Die Antwort lautet – Achtung – Reggae. Ja, Reggae. Wie das passt? Im Anfang steht das Tanzen: „Ich tanze einfach gerne. Zu Musik“, stellt Øye erstmal fest. „Egal, ob es zu Techno, Funk oder Hip-Hop passiert – alles ist super, wenn sich die Leute dazu bewegen“. Okay, bis hierhin können wir folgen. Aber seit wann ist Reggae erste Wahl, wenn es um’s Tanzen geht? Erlend muss erstmal ausholen. Er findet, dass „gute Songs“ eigentlich immer traurig sind, wahrscheinlich weil sich einfach weniger Menschen für fröhliche Musik begeistern können. Dann ist es aber gut, diesen Songs „gute Energie“ mitzugeben. Genau das ist bei Legao passiert: „Auf diesem Album hatte ich viele Lieder geschrieben, die eigentlich sehr langsam waren. Ich hatte nun also die Wahl: Entweder mache ich ein reines Balladen-Album, oder ich arbeite mit einer Reggae-Gruppe zusammen“. Genauer bot sich die isländische Reggae-Formation Hjalmar an, dem ruhigen Songmaterial die gewisse Dosis Leben einzuhauchen: „Die wussten einfach, wie das gemacht werden muss, ohne dass es klischeehaft wird. Ohne diesen White-Guy-Reggae, also Ar, Ar, Ar, Ar, Ar… (Øye versucht mit eleganten Bewegungen, den Klang von „White-Guy-Reggae zu imitieren, Anm. d. Red.)“
Der Reggae stand bei der Produktion von Legao also nicht von Beginn an im Zentrum, sondern war fast eine Art Notbehelf. Solche Entscheidungen sind sicher erst dann möglich, wenn man sich als Musiker in mehreren Genres auskennt. Und wer könnte das besser als Erlend Øye? Neben dem Wechsel der Genres fällt aber auch der zwischen Solo- und Band-Projekten auf. Bei beidem scheint sich der Norweger gleichermaßen Wohl zu fühlen:
„In einem Jahr willst du der Diktator und der Boss sein, im nächsten ist das dann langweilig geworden. Dann möchtest du wieder mit Leuten zusammenarbeiten und die Entscheidungen gemeinsam fällen, quasi demokratisch. Nach einiger Zeit wird auch das wieder ein wenig frustrierend und du möchtest wieder alleine arbeiten. Das geht einfach immer hin und her. Es gibt kein eines Ich; es gibt nicht die eine Sache, die ich unbedingt machen möchte. Es gibt nur das, was ich gerade jetzt machen möchte.” Ein Leben im Moment also.

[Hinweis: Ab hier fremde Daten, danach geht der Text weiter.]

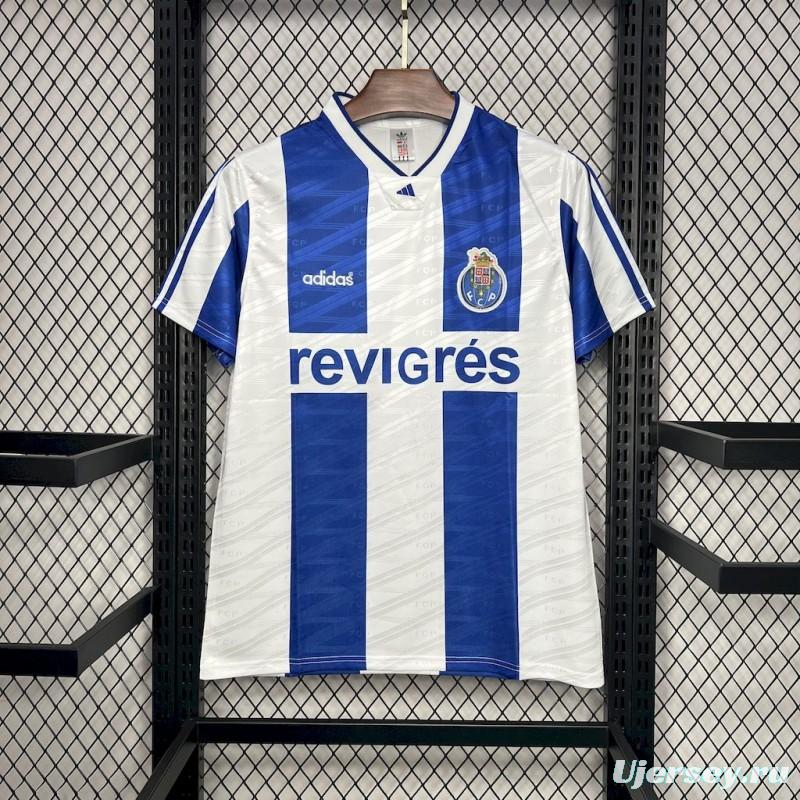 94/95 FC Porto Home Retro Jersey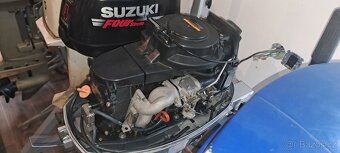 Lodní motor 15hp, 4takt, L - 3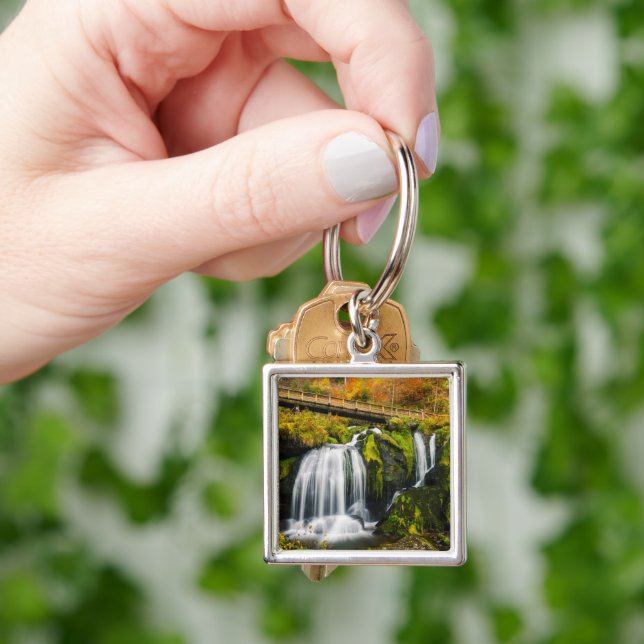 Chaveiro Quedas | Triberg Waterfall, Alemanha (Mão)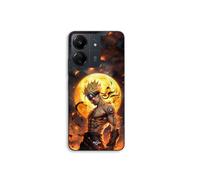 Funda para Xiaomi Redmi 13C 4G Dark Naruto luna 3D Maniacase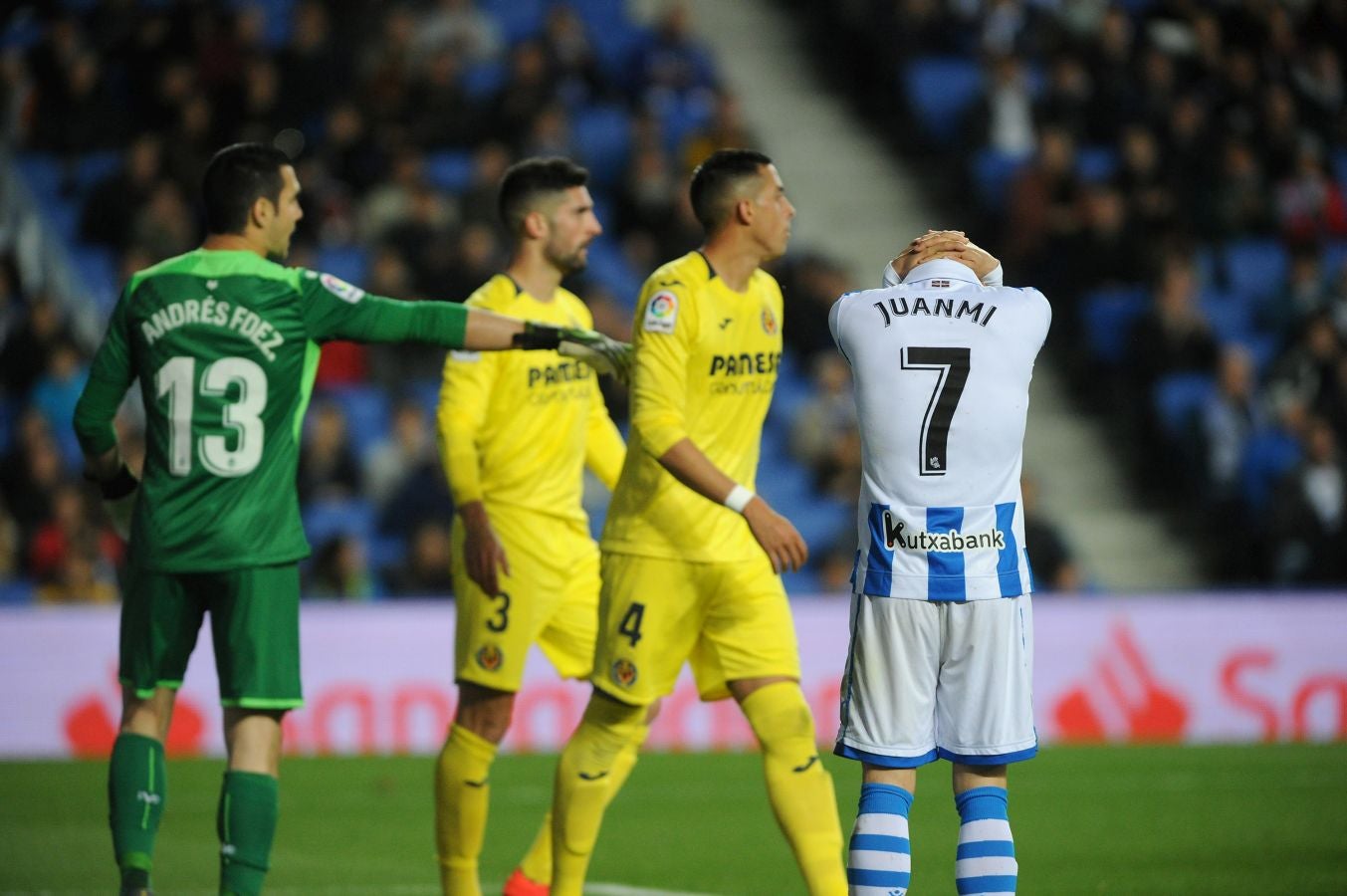 La Real Sociedad y el Villarreal se han enfrentado este jueves en Anoeta.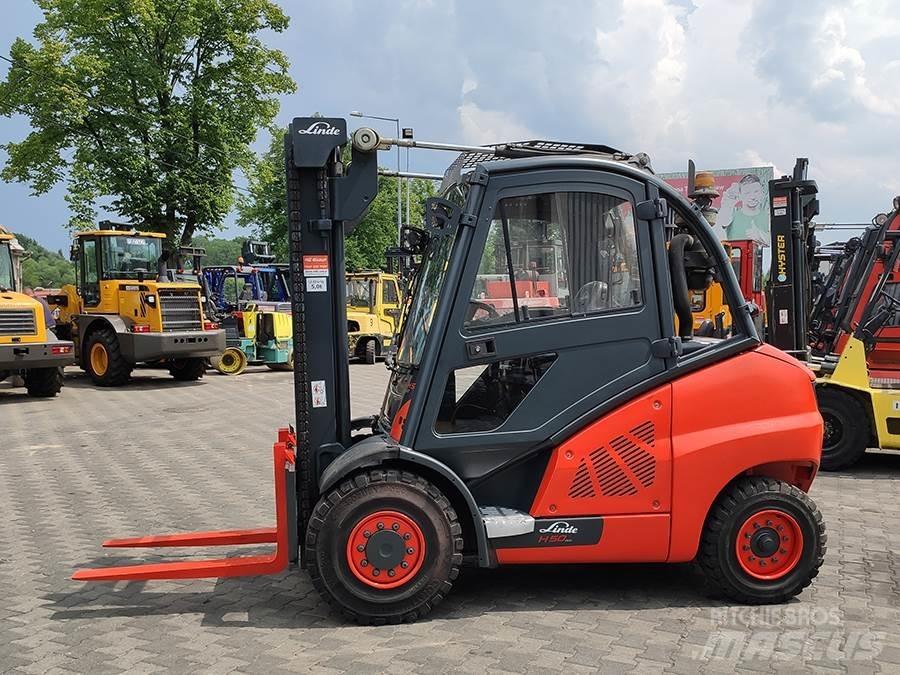 Linde H50D-02 Дизельні навантажувачі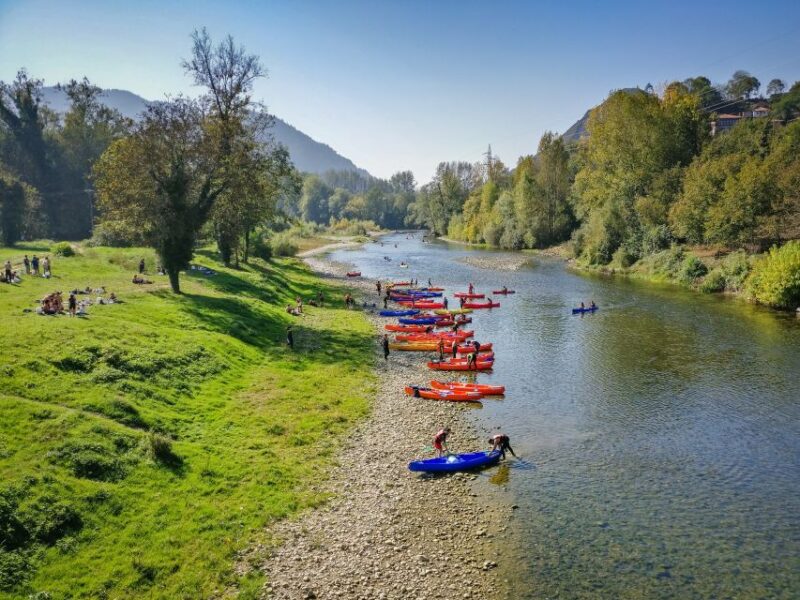 Arriondas: Canoeing Adventure Descent on the Sella River - Safety and Preparation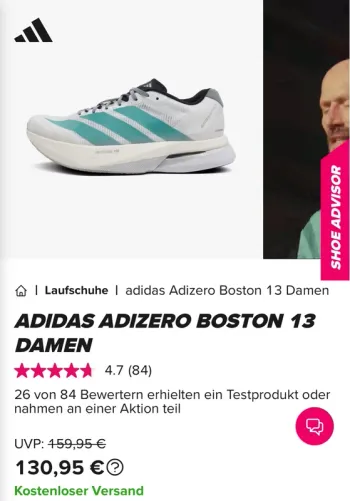 Gebrauchtes Continental Adizero Boston 13 EQT bike — Bild 12 von 15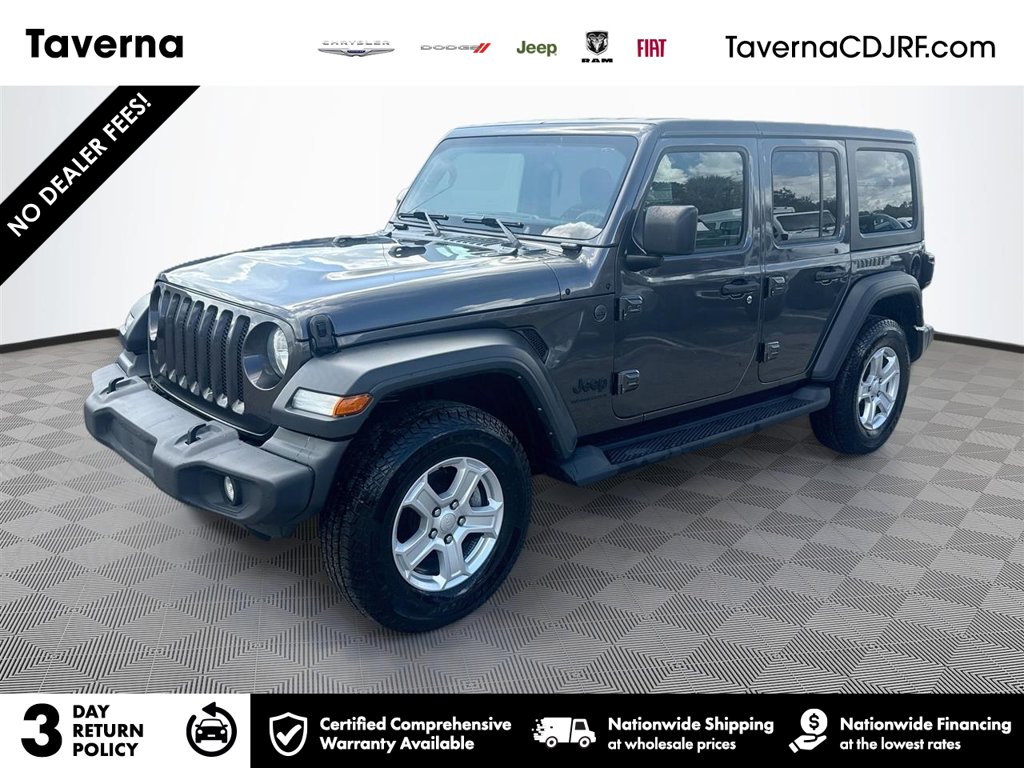 2023 Jeep Wrangler 4-Door
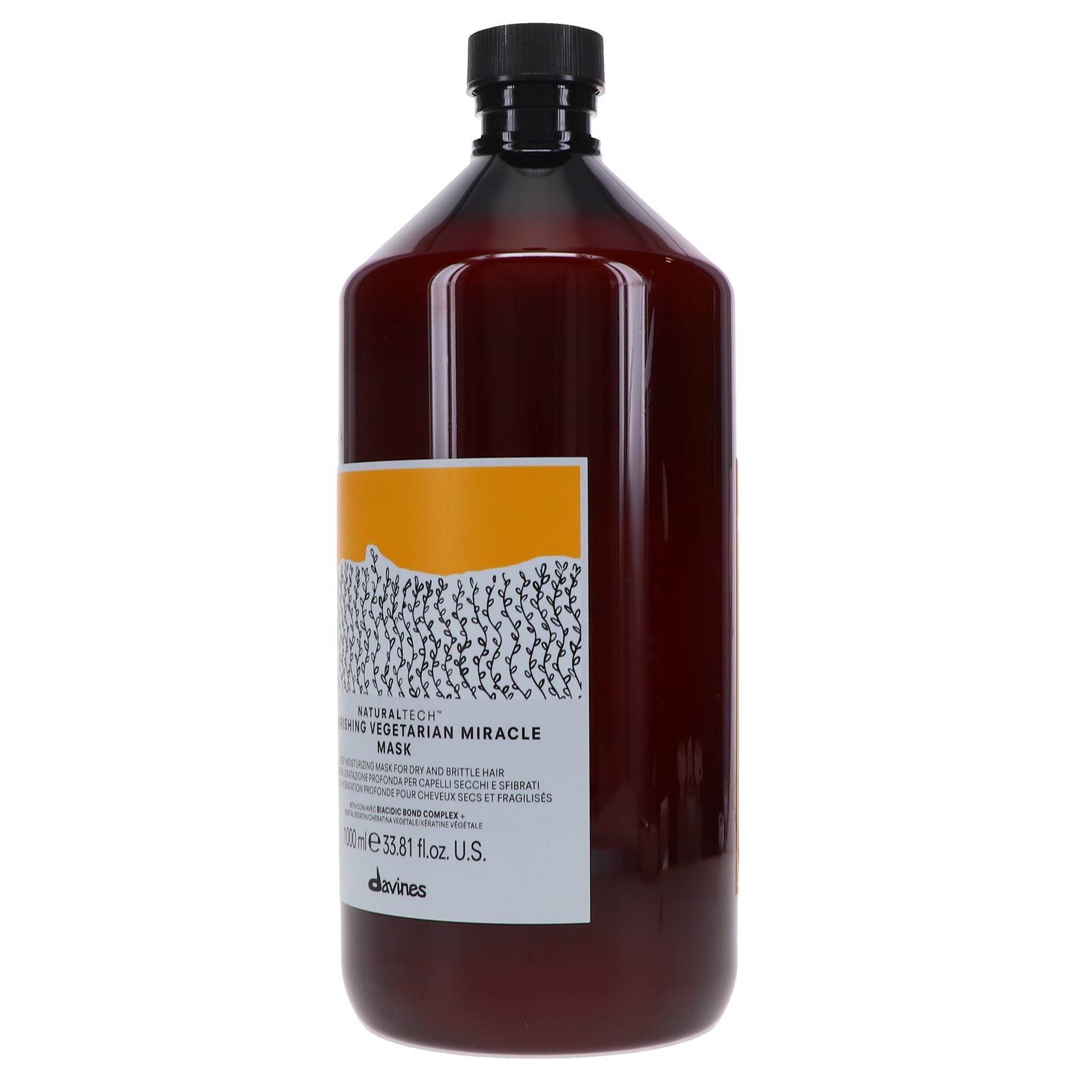 Davines NaturalTech Nourishing Vegetarian Miracle Mask 33.8 oz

Langjährig aufgebaute Bandprojekte scheinen Øye irgendwann einfach zu langweilen, warum also zu viel Energie in sie stecken? Und wer hat überhaupt festgelegt, dass eine mehrköpfige Band der optimale Weg ist, musikalische Kreativität zu entfesseln?
Doch wozu das Ganze? Erlend sagt – zugegeben etwas pathetisch – er möchte mit seiner Musik „einen Funken in der Vorstellungskraft der Leute zünden“. Auf Legao gelingt das durchaus: Die Musik lädt dazu ein, zurückgelehnt im Sessel zu versinken – und wieder einmal ist es die Stimme, die alles perfekt macht. Der bereits sehr umfangreiche Klangkosmos des Norwegers wurde durch Legao um einen äußerst interessanten Raumsektor erweitert. Und wenn Erlend auftritt, spielt er auch Songs von The Whitest Boy Alive. Quasi The Best of Both Worlds. Und beide gehen total in Ordnung.